The startup’s lidar is also relatively cheap to make because it uses some of the same materials and manufacturing processes as computer chips. The sensors, which are small enough to be embedded in car headlights, can be used in advanced driver-assistance systems and will be integrated into autonomous vehicles by 2021.

15. Vestas Wind Systems (Aarhus, Denmark)

In recent months, Vestas cemented its position as the world’s largest wind turbine supplier and edged ahead of General Electric to lead the market in the United States. Overall, it added nearly 6,500 megawatts of capacity in the second half of last year, according to Navigant Research.

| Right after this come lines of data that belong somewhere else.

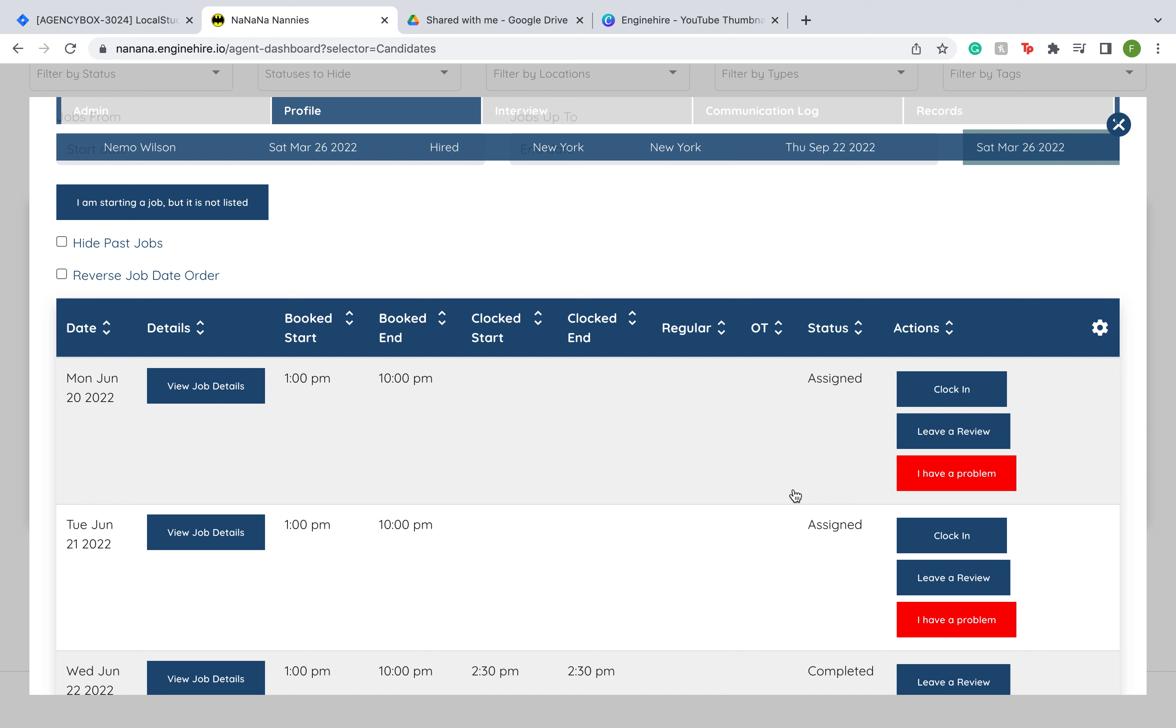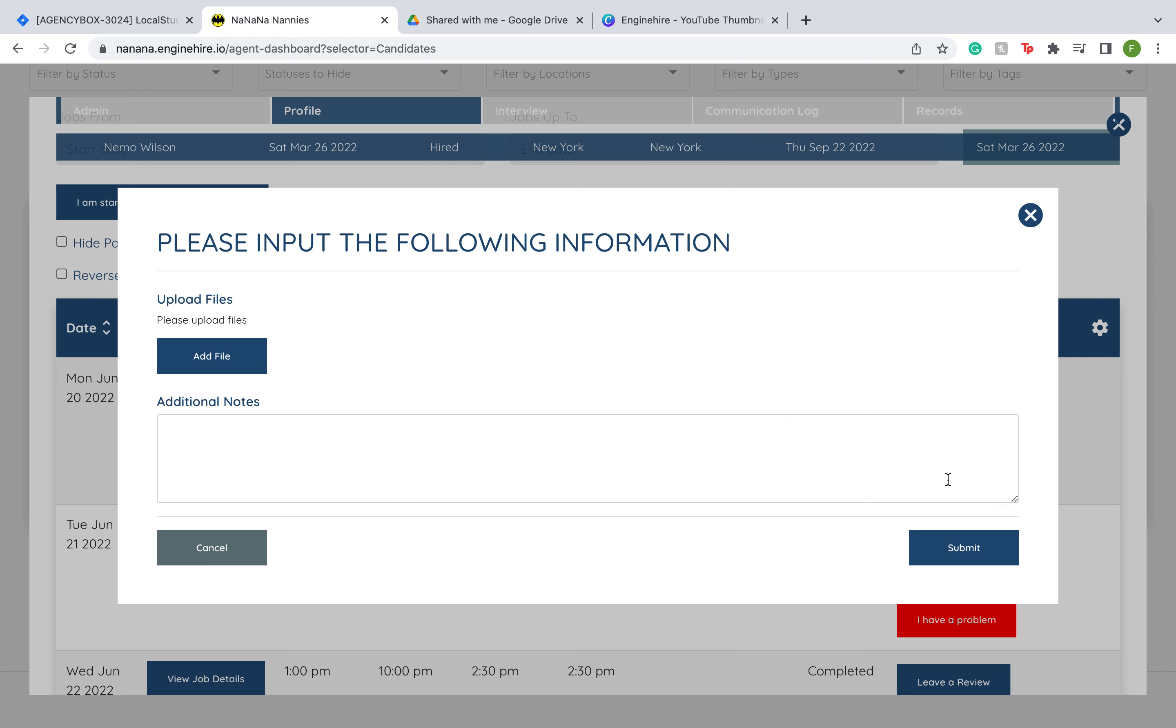Some examples of this could be, let's say the client didn't mention that they had any pets but the candidate is allergic to dogs, and then when they show up to the job they find that they do have pets. Or let's say a client only mentions that they'll be taking care of one kid, but then when the candidate shows up it turns out that it's four kids. If they want to report that problem, they now have the option to.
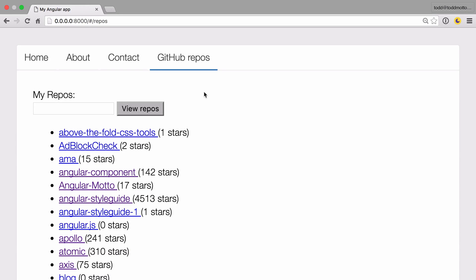In this video we're going to learn about how to use route params. Route params allow us to create completely dynamic URLs that we can grab some information from the actual URL itself and then parse it into JavaScript and then go and communicate with the back end.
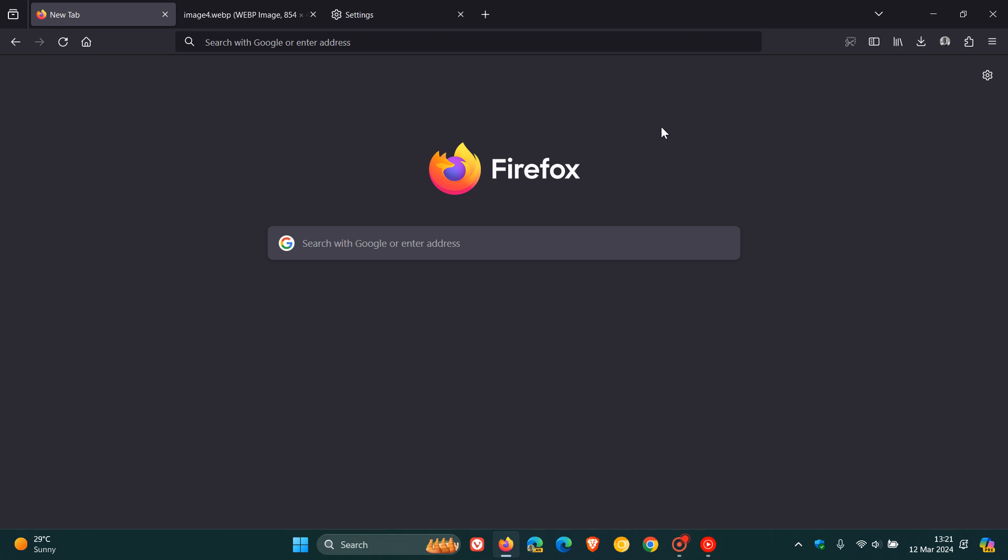This is all set to change because the new screenshots component, which is currently being tested in the nightly version, will replace this screenshot tool, which is the so-called built-in extension screenshot tool currently available in the stable version. And the new screenshot tool is enabled by default now in Firefox nightly 125.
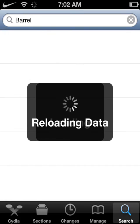Obviously you need a jailbroken iDevice. I recommend the Evasion 6.0 to 6.1 untethered. This is taking forever — that's the only problem I have with Cydia, it's a little bit slow.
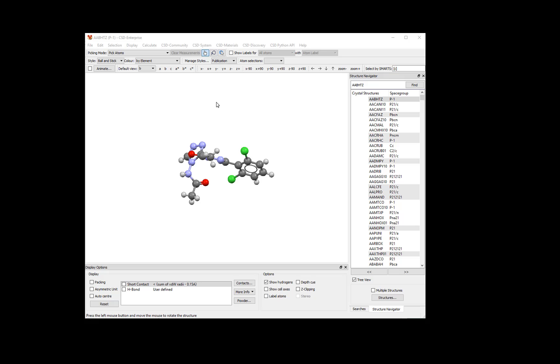Open Mercury by clicking or double-clicking on the icon. Once the program is open, you will see a list of entries in the Structure Navigator on the right-hand side of the window.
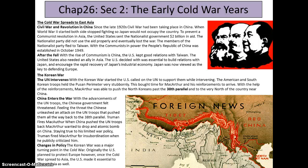After the rise of communism in China, the US kept good relations with Taiwan and needed an ally in Asia. The US decided it was essential to build relations with Japan and encourage a rapid recovery of Japan's industrial economy. Japan is now viewed as the key to defending Asia. Then came the Korean War — the 38th parallel became the dividing line between North and South Korea. North Korea is communist and very close to China; South Korea is, to this day, capitalist. MacArthur and his reinforcements were able to push the North Koreans back past the 38th parallel toward China.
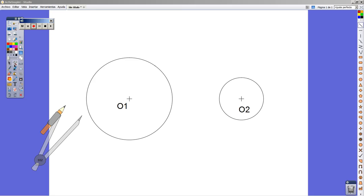Welcome again. This is a new video about how to draw common tangent lines on two circles.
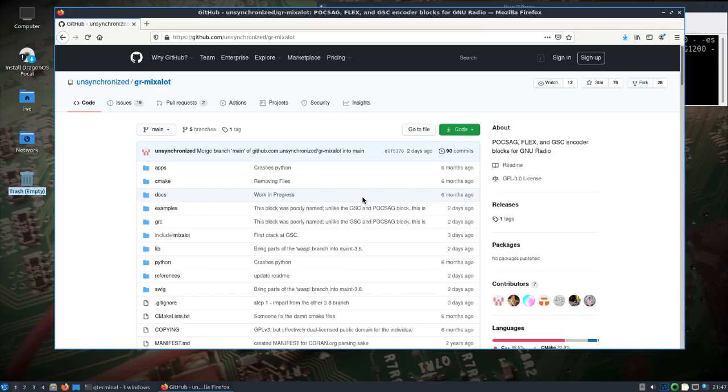All right, this is going to be a quick one. We're going to take a look at probably one of my favorite names I've come up with so far: GR mixalot. You can see what it is over here in the about on the right—the POGSAG, FLEX, GSC encoder blocks for GNU Radio.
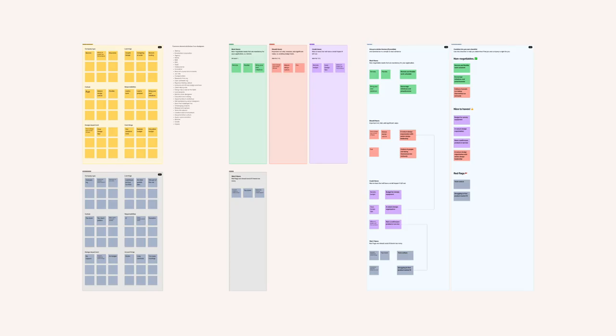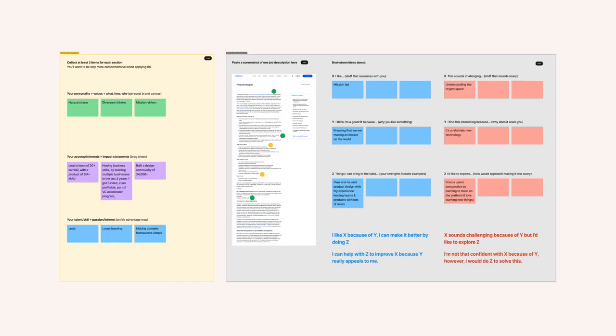This module is broken down into two interactive workshops. The first one is the job matching algorithm — building your own decision frameworks to filter out jobs. The second workshop is all about tailoring your application, finding resources and using the XYZ framework to make sure your application is hyper tailored.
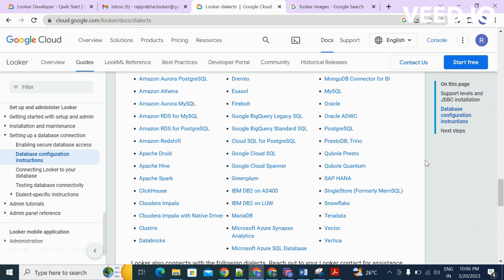These include data warehouses like Data Vector, Vertica, Oracle, MySQL, and so on.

The Danish wind giant also quadrupled its net income in the most recent quarter, marking its 14th profitable quarter in a row. The company is now looking to make investments in energy storage, an effort to expand wind power’s market and potential.

16. Apple (Cupertino, CA)

Did you get the iPhone X? Well, that’s definitely not the only reason this company made the list. Derided of late for a lack of innovative new products and tepid customer response to Apple Pay and the Apple Watch, Apple has launched a Siri-enabled speaker called HomePod to compete with Amazon’s Alexa-equipped Echo speaker. It’s also begun to tout its AI chops, including acknowledging its work on autonomous-driving systems.

For some time Apple has been quietly hiring some impressive robotics and AI talent for its project, and its history of smart design and smooth integration of hardware and software may prove valuable assets.

17. Merck (Kenilworth, NJ)

This pharma giant has one of the most successful immunotherapies on the market, Keytruda. Following a big jump in the number of lung cancer patients being tested to see if they would benefit from the treatment, sales are predicted to grow significantly.

Keytruda has been approved in testing in some people who have not had chemotherapy, putting it a step ahead of rivals in immunotherapy.

18. Carbon (Redwood, CA)

Using its process for rapidly printing objects with high-performance polymers like polyurethanes and epoxies, four-year-old Carbon is pursuing an approach fundamentally different from other methods of 3-D printing, which put down layers of plastic one at a time.

The company says this technology enables it to print polymer objects rapidly, in some cases thousands of times faster than other 3-D printers, and use a wider range of materials, including rubber-like elastomers and durable, hard plastics. Carbon has a growing number of clients, including Adidas (No. 38), which is using its technology to manufacture elastomer midsoles for athletic shoes. Other customers are using it to print parts for electric motorcycles, server farms, and cooling systems, all of which have been difficult to make with other methods.

19. Desktop Metal (Burlington, MA)

With nearly $100 million from VC firms, GE, Alphabet, and others, this startup is trying to use 3-D printing, a technology that has focused on plastics, to reinvent how we make the metal parts essential to much of manufacturing.

Making this kind of printing easy and cost-effective is a challenge, but Desktop Metal has laid out the pricing for its products, a promising indication of progress toward commercialization. Its first offering, including a printer and sintering furnace, will cost $120,000. Its full production system, to begin shipping in 2018, will cost $420,000. Renting is also an option.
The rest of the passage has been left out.